Immediately after San Jose’s Measure B passed last week, the unions filed a court challenge against the initiative. Measure B reduces benefits for current public employees; they will have a choice between a new, lower-benefit retirement package or keeping their current benefit plan but contributing more to pay for it. In the private sector, employers can reduce employee-pension benefits going forward, but in California, anyway, the courts have prohibited benefit reductions for public employees.
San Jose officials argue that they’re legally in the right because of specific city ordinances and because of the municipality’s status in California as a “charter city.” Mayor Chuck Reed explained in response to the union lawsuit: “Measure B was carefully crafted to follow California law.

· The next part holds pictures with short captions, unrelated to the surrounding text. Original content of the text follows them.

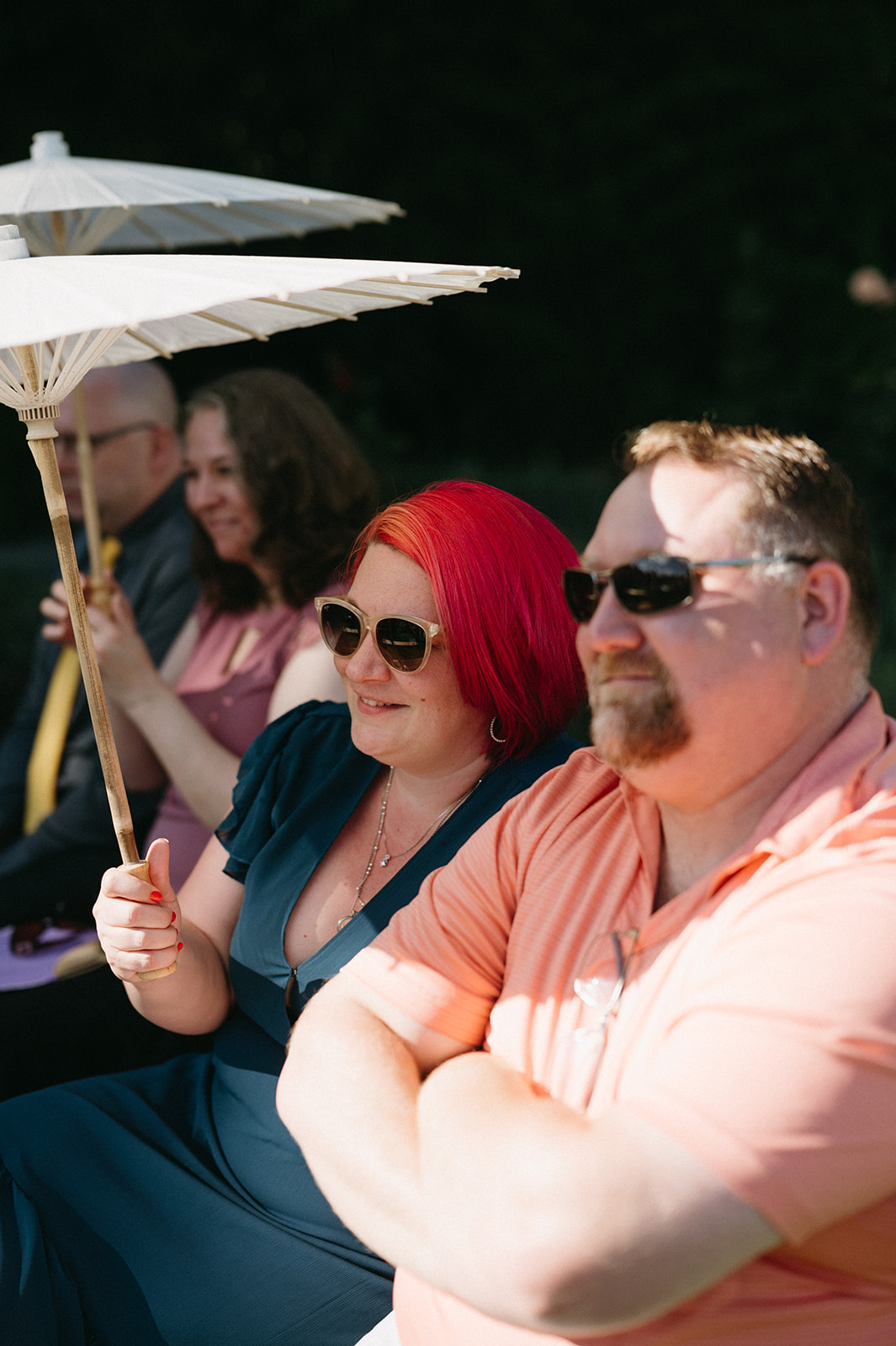 Wedding guest holding parasol, seated in sunlight during outdoor ceremony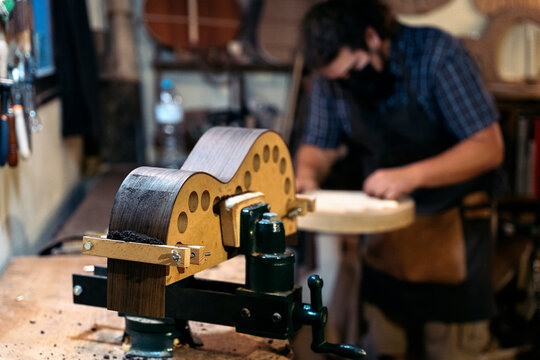 Luthier Working In His Workshop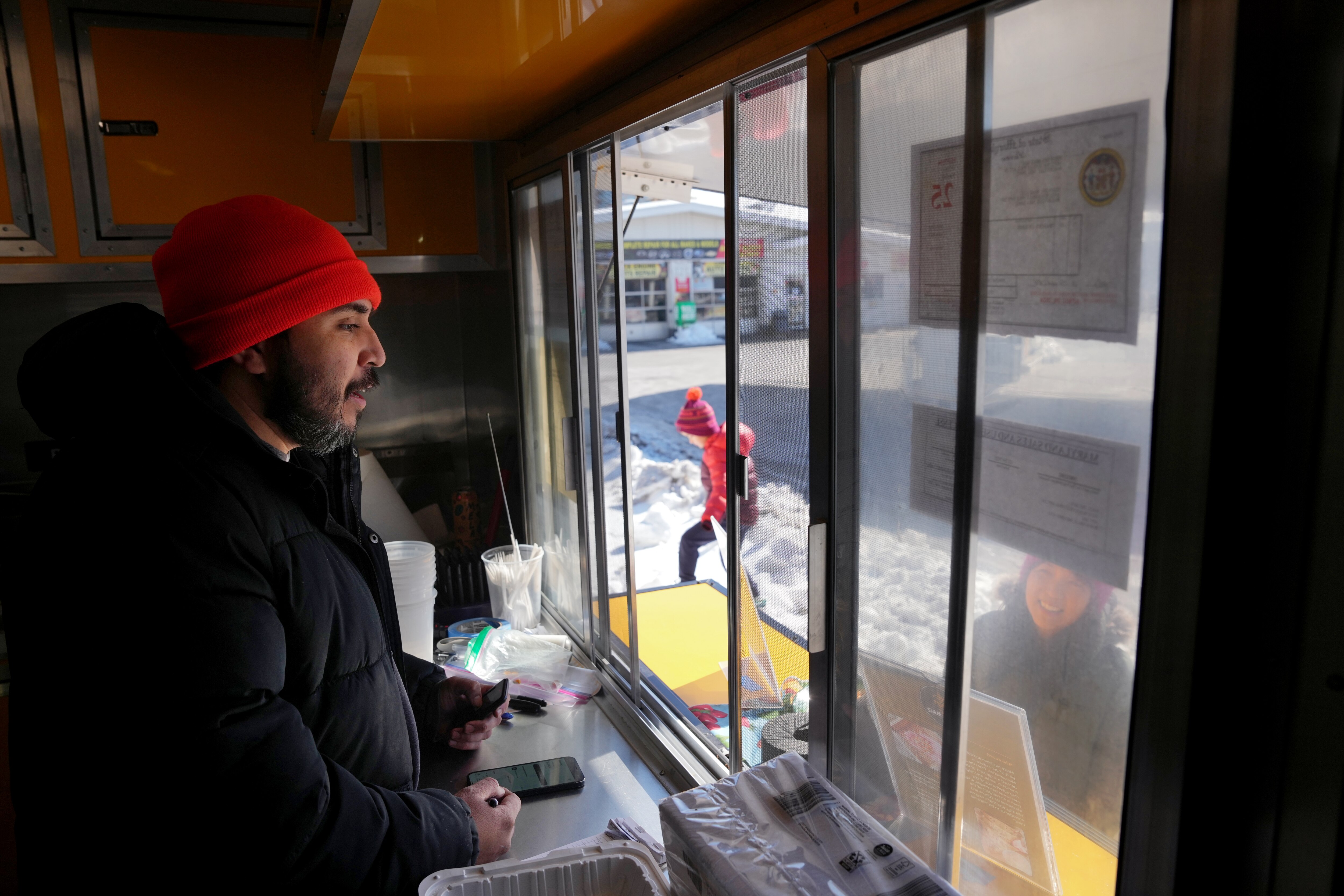 Chef Saul Zelaya chats with a customer from his food truck, Hijos del Maíz, in Rockville.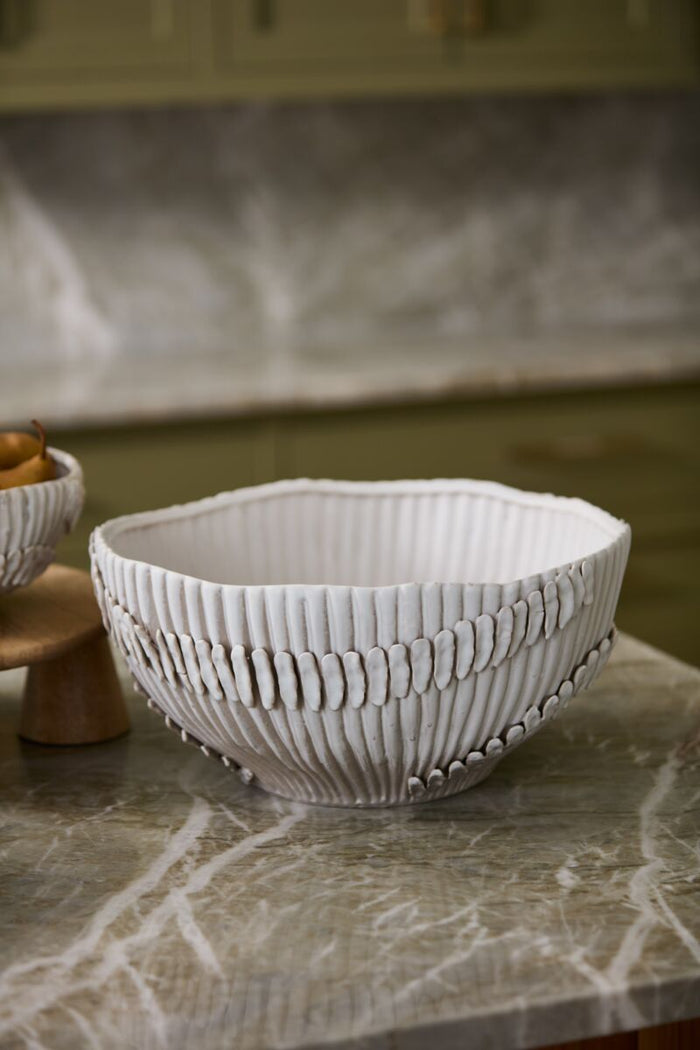 White textured ceramic bowl on a marble countertop with a kitchen setting in the background.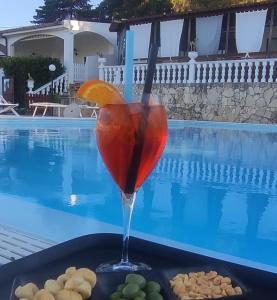 a drink sitting on a tray next to a pool at Althea Village Residence in Vieste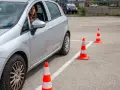 Młoda kobieta za kierownicą srebrnego samochodu ćwiczy jazdę na placu manewrowym. To może być jej droga do zdobycia prawa jazdy 17 lat.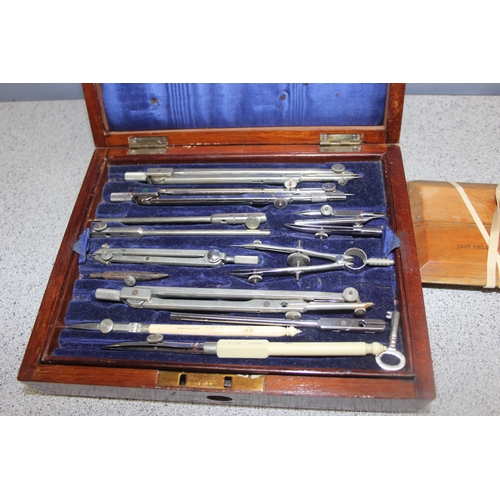 1453 - Air Ministry technical drawing kit in mahogany case, with 2 WW2 period Air Ministry Captain Fields p... 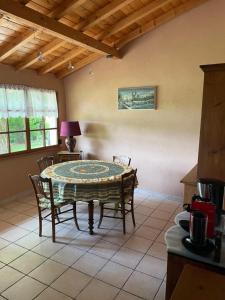 a kitchen with a table and chairs in a room at Château de Villeron in Savigny-en-Revermont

San Jose is a charter city and the California Constitution gives charter cities ‘plenary authority’ to provide in their charters for the compensation of their employees. San Jose’s City Charter reserves the right of the City Council and the voters to make changes to employees’ retirement benefits: ‘. . . the Council may at any time, or from time to time, amend or otherwise change any retirement plan or plans or adopt or establish a new or different plan or plans for all or any officers or employees.’” …
So the results in deep-blue California are clear. Even in Democratic Party bastions, such as San Jose, voters said “yes” to pension reform and “no” to union priorities by an overwhelming majority. As I wrote previously for City Journal, San Jose’s Reed made the progressive case for pension reform: he argued that the government programs liberal Democrats care about are endangered by a pension burden that now consumes 20 percent of the city’s general-fund budget. He distinguished between union Democrats and progressives, a distinction that will serve pension reformers well as proposals go forward in blue states.